Put another way, for everyone who's attacking Mr. Harper for being too conservative, someone else is attacking him for not being conservative enough. In politics, this is known as "finding the sweet spot." Both the Liberals and the right-wing National Citizens' Coalition, which he used to head, are accusing him of reckless spending. Even Peter Mansbridge challenged him for failing to live up to his small-c conservative ideals. (I wonder how the conversation would have gone if Mr. Harper had slashed the CBC.)

Meantime, Toronto Star columnists are in a quandary. Mr. Harper has inconveniently embraced just the sort of fiscal policies endorsed by the Toronto Star. But it would be wrong to congratulate him. So instead, they are attacking him for shamelessly abandoning his principles. The ruthless ideologue they attacked in 2006 has turned into a ruthless opportunist.

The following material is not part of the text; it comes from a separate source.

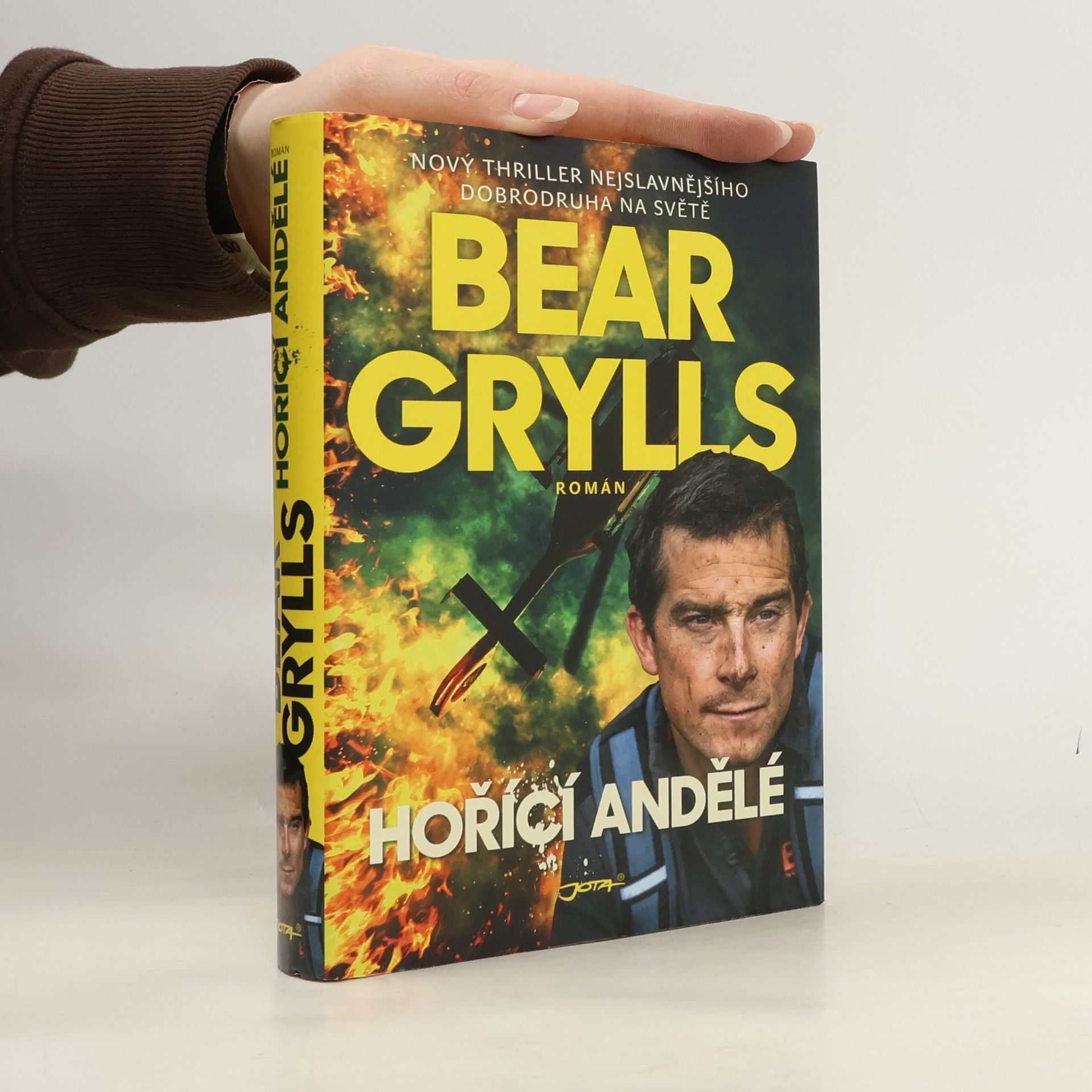 Bear Grylls Hořící andělé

Then there's what he didn't do. He didn't try to recriminalize abortion. He didn't try to repeal gay marriage or bring back hanging. He didn't consort with Christian evangelicals. For the most part, he has religiously avoided the ugly culture wars that have ripped America to shreds. Is that diabolical, or what?

In fact, about the worst thing Mr. Harper's critics can find to accuse him of is his less than scintillating personality. (No argument there.) "Harper still fails to inspire," the Star groused in its five-year-anniversary editorial. Also, as you will have heard by now, he's a control freak. My colleague Lawrence Martin has written a brilliant book on the Prime Minister's governing style. In it, we learn that Mr. Harper has a naked desire to win, is a relentless micromanager, rules his party with an iron fist and will do anything it takes to attain a majority. He wants the Conservatives to replace the Liberals as the Natural Governing Party and obliterate them from the face of the Earth - even if he's got to steal their best ideas to do it.

In other words, he's a shrewd and focused political operator who gets results. The Liberals should be so lucky.

Mr. Harper's critics like to froth about his contempt for process. Others froth about his lack of vision. But the vast majority of Canadians don't care. What they really care about is whether their jobs and savings and property values are reasonably secure and whether their kids will be able to find work. As the traumatized countries of the West grapple with their biggest scare in decades, what they really want is for an adult to be in charge. Canadians are acutely aware that unlike the Americans, the British, the Irish, the Spanish, the Greeks, the Portuguese and God knows who else, we've gotten off lightly. We want a guy at the top who we are pretty sure can keep it that way. We don't have to like him. We can even loathe him. But we'll keep on putting up with him, so long as he doesn't screw it up.